Larissa é firme ao dizer que, se os pais oferecem tudo o que a criança quer, na hora em que ela quer, isso só vai desestimulá-la. “Ela nunca terá a oportunidade de vivenciar a expectativa da conquista e vai sempre estar frustrada e desmotivada, dado que não precisa se esforçar para ganhar o que quer. (...) Por tudo isso, mesmo sabendo que uma negação poderá acarretar reclamações, queixas, ameaças ou processos, seja firme em sua decisão e posicione-se de modo coerente e honesto”.

Vejam, este escriba pouco humilde que vos escreve é pai. Sou o paixão orgulhoso de um menino de 3 anos e de uma menina de 10 anos. E a responsabilidade é minha. Toda minha. Não da TV, nem da publicidade ou da terrível e avassaladora máquina do marketing e do consumo moderno e zzzzzzzzz.... Pais têm que saber dizer não. Este é um dos grandes males da educação moderna. Pais têm que ser mais próximos, têm que sentar para brincar os filhos, têm que conversar com eles, têm que entender o pequeno universo deles, entender os programas que eles vêm na TV, entender os heróis deles. E têm que saber impor limites.

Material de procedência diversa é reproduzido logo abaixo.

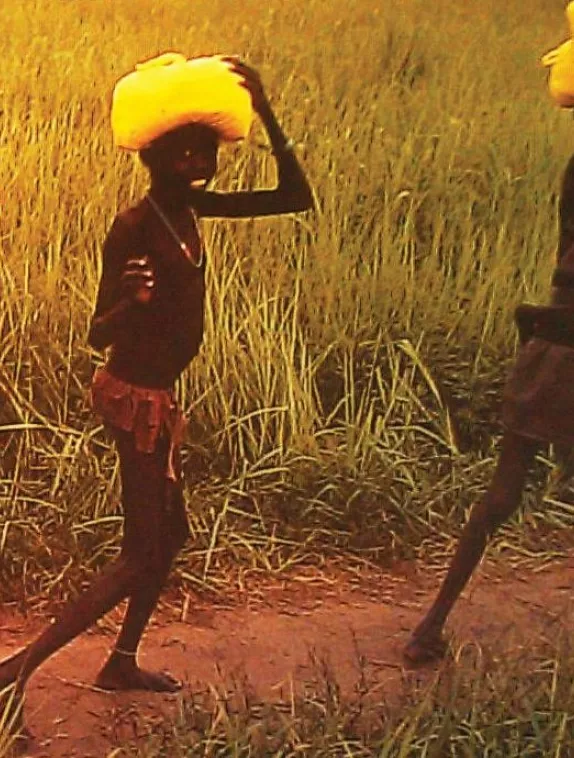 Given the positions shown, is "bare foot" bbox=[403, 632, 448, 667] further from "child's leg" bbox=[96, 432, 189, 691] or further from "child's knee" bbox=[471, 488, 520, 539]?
"child's leg" bbox=[96, 432, 189, 691]

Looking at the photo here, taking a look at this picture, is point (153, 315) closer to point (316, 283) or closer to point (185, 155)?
point (185, 155)

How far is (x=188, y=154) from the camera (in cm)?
147

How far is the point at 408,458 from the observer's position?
1.74m

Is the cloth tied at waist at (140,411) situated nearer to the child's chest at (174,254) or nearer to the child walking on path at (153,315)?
the child walking on path at (153,315)

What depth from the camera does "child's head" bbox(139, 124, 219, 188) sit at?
1454mm

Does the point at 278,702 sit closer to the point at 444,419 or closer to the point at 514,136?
the point at 444,419

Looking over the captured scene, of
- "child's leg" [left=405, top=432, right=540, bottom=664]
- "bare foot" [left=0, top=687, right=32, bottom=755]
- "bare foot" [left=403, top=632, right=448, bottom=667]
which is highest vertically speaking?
"child's leg" [left=405, top=432, right=540, bottom=664]

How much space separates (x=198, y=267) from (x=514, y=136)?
0.49 meters

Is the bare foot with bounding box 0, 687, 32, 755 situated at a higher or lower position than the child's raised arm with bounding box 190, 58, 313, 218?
lower

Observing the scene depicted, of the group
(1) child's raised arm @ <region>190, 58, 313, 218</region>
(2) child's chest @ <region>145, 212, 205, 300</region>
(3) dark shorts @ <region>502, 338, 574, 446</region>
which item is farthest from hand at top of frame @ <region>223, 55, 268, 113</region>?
(3) dark shorts @ <region>502, 338, 574, 446</region>

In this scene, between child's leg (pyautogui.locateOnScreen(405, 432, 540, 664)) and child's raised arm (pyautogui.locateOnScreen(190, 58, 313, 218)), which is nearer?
child's raised arm (pyautogui.locateOnScreen(190, 58, 313, 218))

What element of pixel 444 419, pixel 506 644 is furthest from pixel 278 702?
pixel 444 419

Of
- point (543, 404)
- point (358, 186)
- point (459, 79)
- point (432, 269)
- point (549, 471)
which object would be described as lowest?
point (549, 471)

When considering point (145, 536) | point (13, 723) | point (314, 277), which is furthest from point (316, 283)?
point (13, 723) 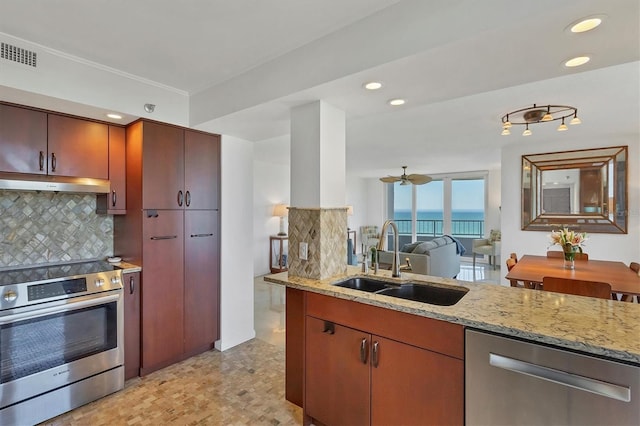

Proibição nunca é a solução. Nunca. Um pai presente na vida do filho, que não usa a TV como babá, jamais vai precisar se preocupar com a quantidade de comerciais que são exibidos na TV, nas revistas, na internet. Existe uma coisa chamada consumo consciente da mídia. Não preciso que o Estado me diga, ou diga para os meus filhos, o que eles devem consumir ou em que quantidade. A decisão é minha. E quero criar os meus pequenos para que eles tomem as suas próprias decisões.

Eu cresci assim. Vi televisão a todo vapor. Ainda vejo, aliás, assim como leio pra caramba. Tive tanto contato com propaganda que, vejam só, fui parar na faculdade de publicidade, dada a fascinação. E nem por isso me tornei um anormal, um comprador compulsivo, um depressivo que se revoltava com o mundo porque não podia comprá-lo.

Porque eu via televisão, sonhava com aqueles heróis e seus bonequinhos, mas tinha pais ao meu lado que me levavam ao parque, que me deixavam jogar taco na rua e brincar de esconde-esconde com a molecada. Tudo bem dosado. Sem exageros.